[Records for the task Boundary: Start]

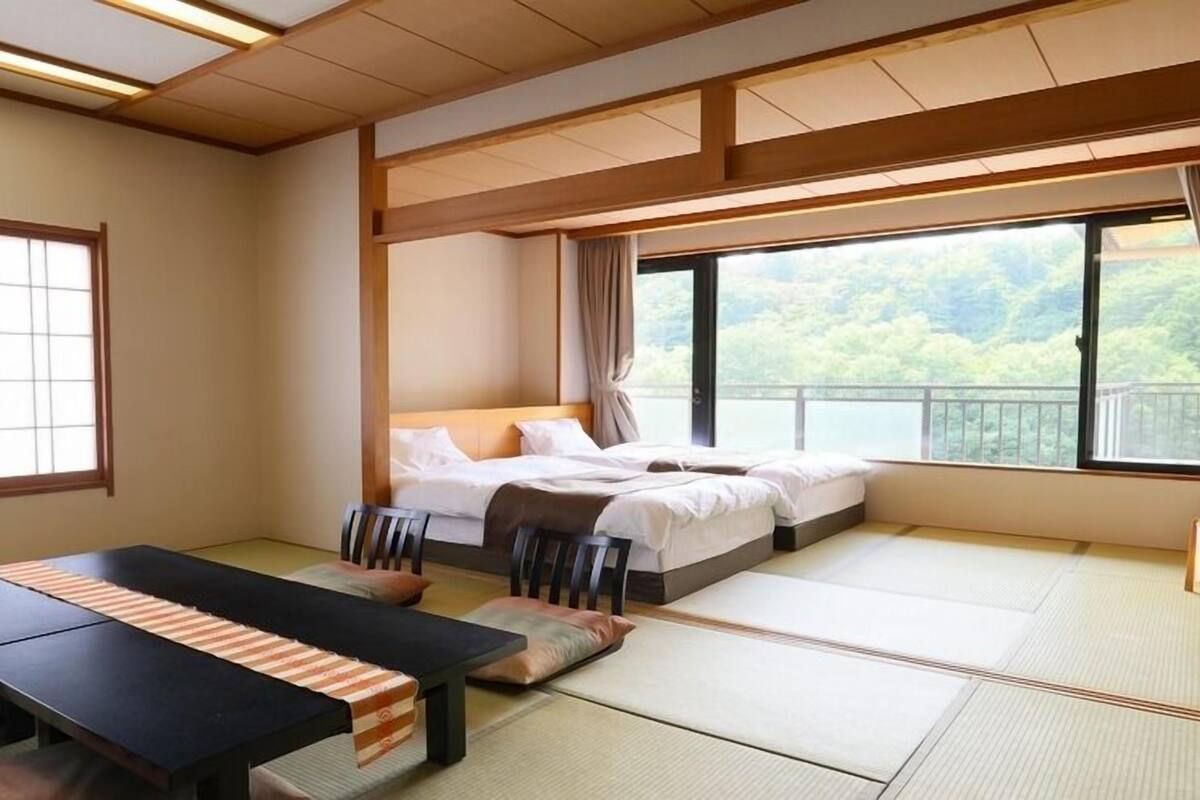 A traditional Japanese-style room with tatami flooring, a low bed, a dining table with cushions, and large windows offering a view of greenery.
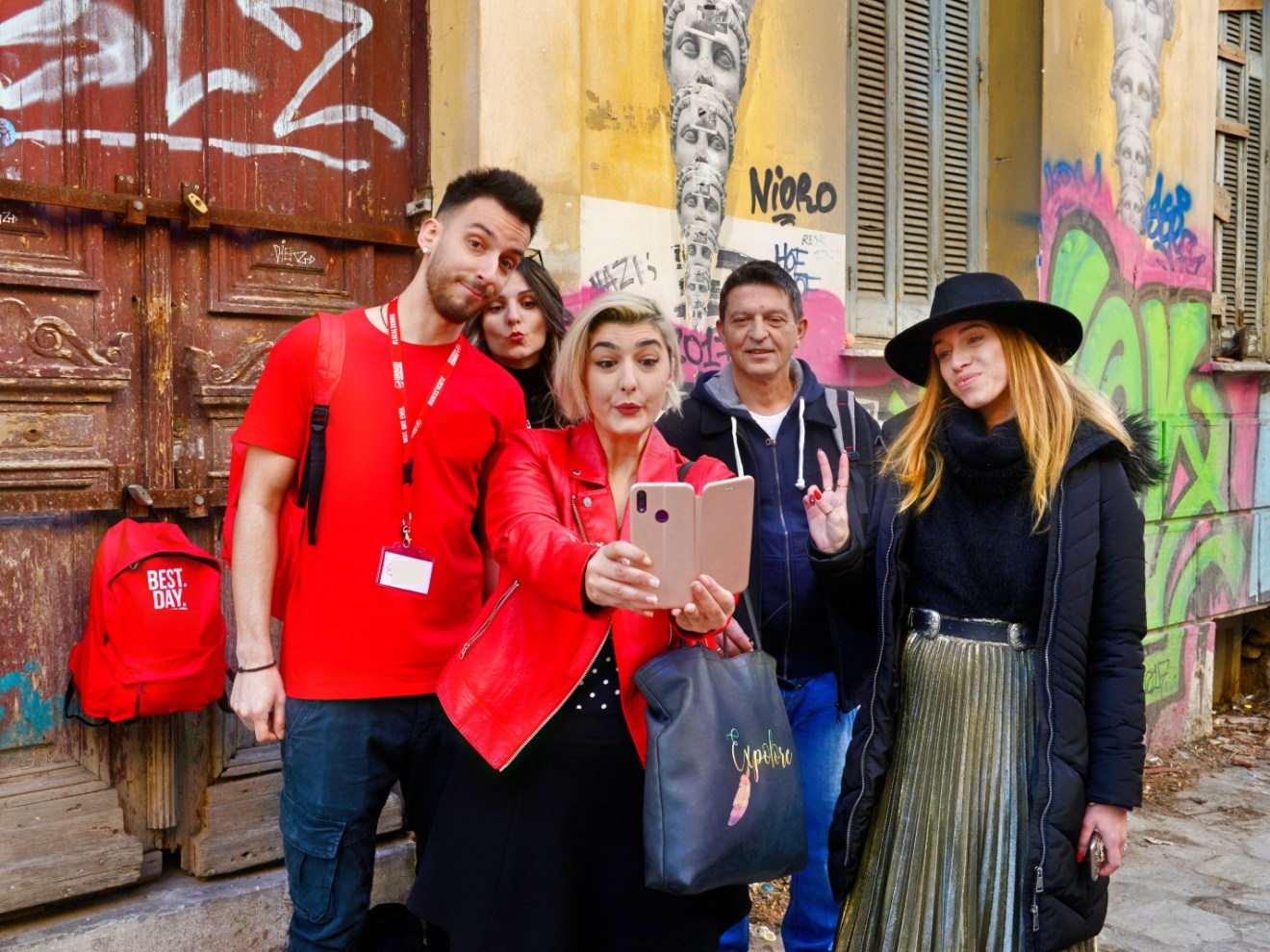 a person standing in front of a group of people posing for the camera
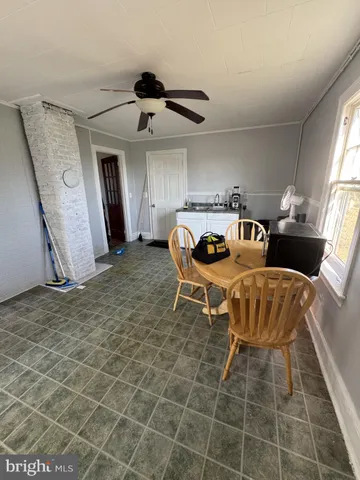 a living room with a couch and a rug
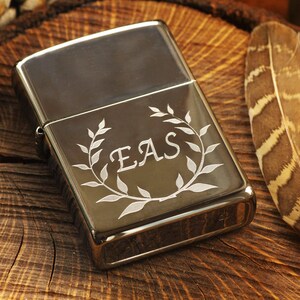 May include: A silver-colored lighter with a decorative leaf wreath and the initials "EAS" engraved on the front. The lighter is set on a rustic wooden surface, with two brown and tan feathers to the right.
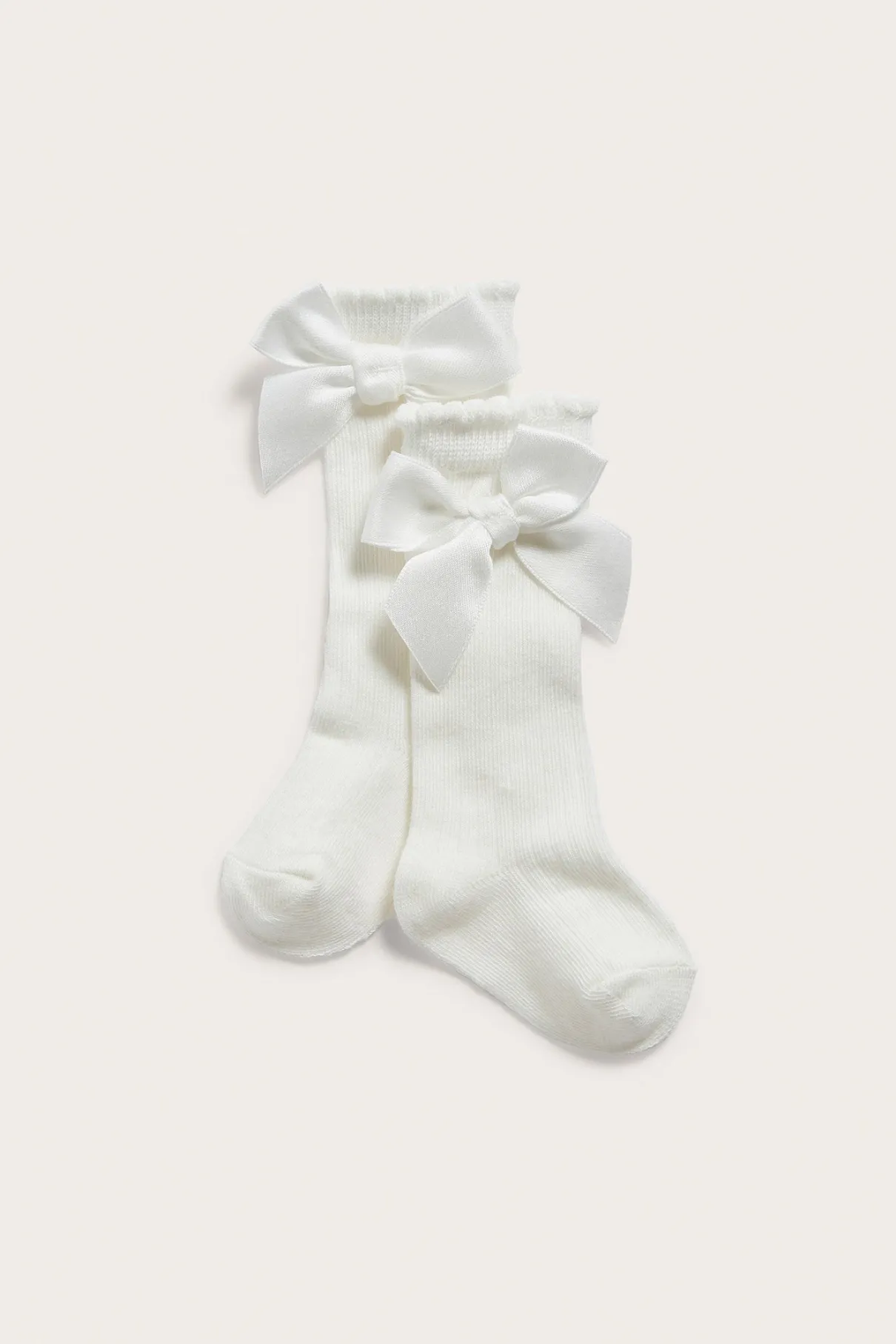 Baby white knee-high bow socks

[Records for the task Boundary: End]

- Task details
Your response must restate every record above exactly, with each picture omitted.

- Answer section
 A traditional Japanese-style room with tatami flooring, a low bed, a dining table with cushions, and large windows offering a view of greenery.
 a person standing in front of a group of people posing for the camera
 a living room with a couch and a rug
 May include: A silver-colored lighter with a decorative leaf wreath and the initials "EAS" engraved on the front. The lighter is set on a rustic wooden surface, with two brown and tan feathers to the right.
 Baby white knee-high bow socks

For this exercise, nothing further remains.